Continuing through July 15, 2017
Anna Fidler has long been one of the Northwest’s most original visual stylists. Her paintings — actually more akin to wall-based relief sculptures — layer strata of meticulously shaped colored papers into distinctive tableaux that are near-topographical in their three-dimensionality. In her new body of work, “Ettes and Esses” she deploys her formidable technique in a celebration of female empowerment. The show’s title refers to suffixes that have been used historically to diminish women’s stature: a suffragist becomes a suffragette; a female prince a princess. If you build diminution into language, marginalization is more easily enabled.

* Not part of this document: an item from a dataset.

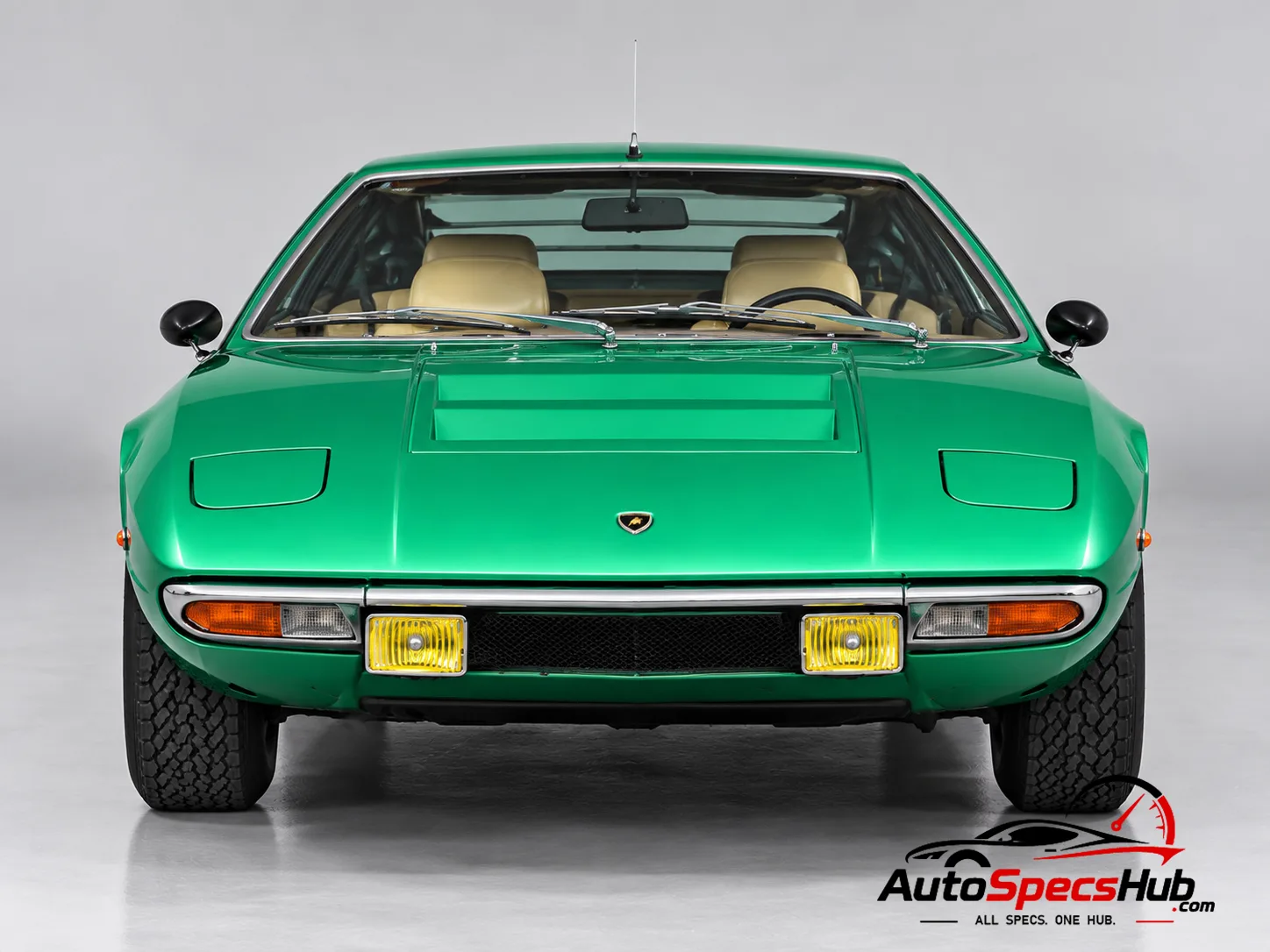 1972 Lamborghini Urraco P250 front view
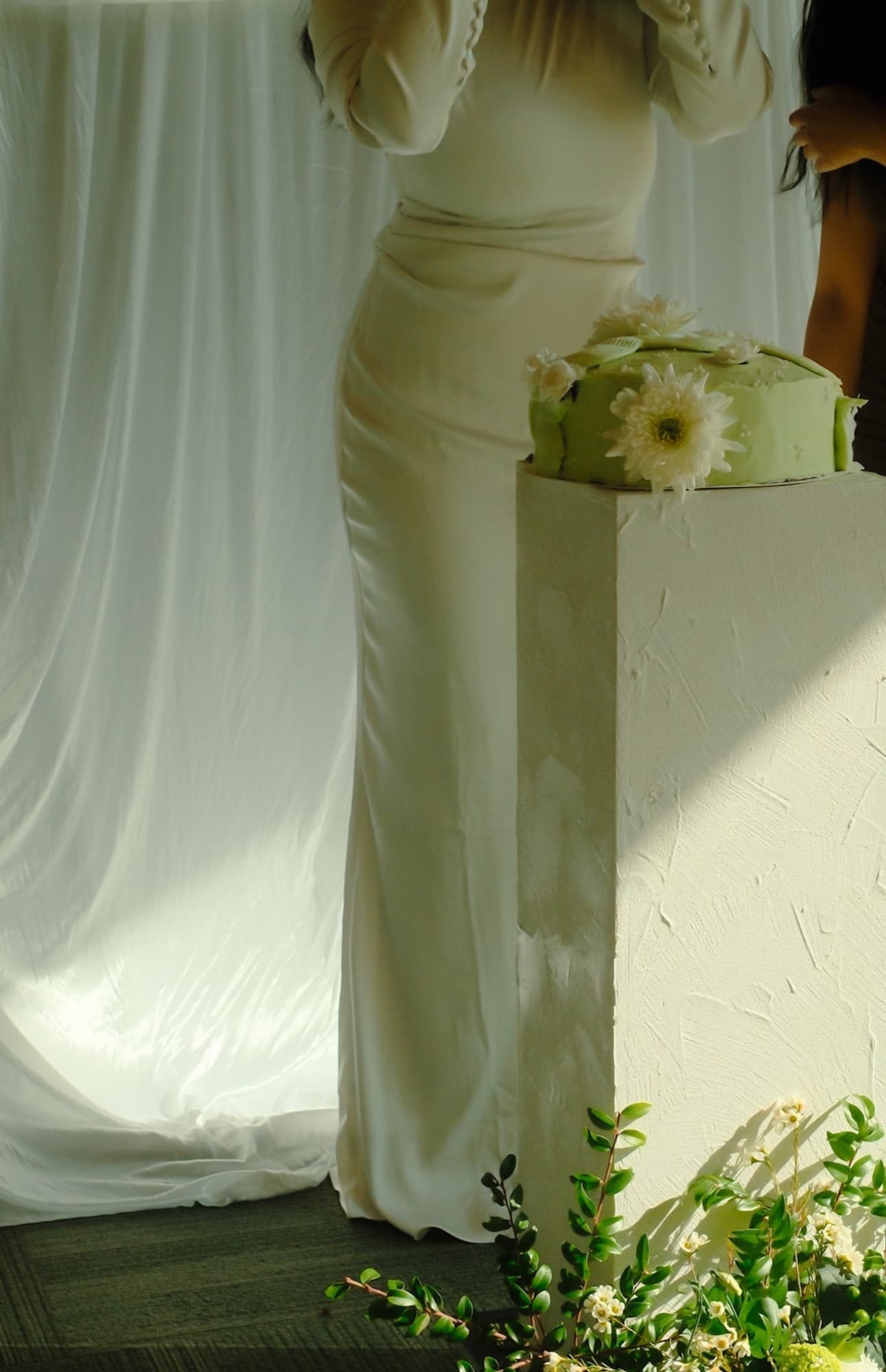 A ceremony floral and structural detail.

Fidler is out to assuage this inequity in her depictions of archetypal Amazons: a witch on horseback in “Sorceress;” a group of dancing sprites in “Don’t Let Them Tame You;” a circle of exultant mystics in “Victorian Riot Girls.” These fever-dreams of saturnalia and arcane rites are surrounded with a visible electricity. Intricate latticework painted with acrylic, colored pencil, and pastels, echoes the contours of trees in “The Five (Summer)” and stars in “No Faded Forests (Spring).” There is Wagnerian grandeur in Fidler’s sylvan idylls, rife with High-Romantic drama and pagan allure.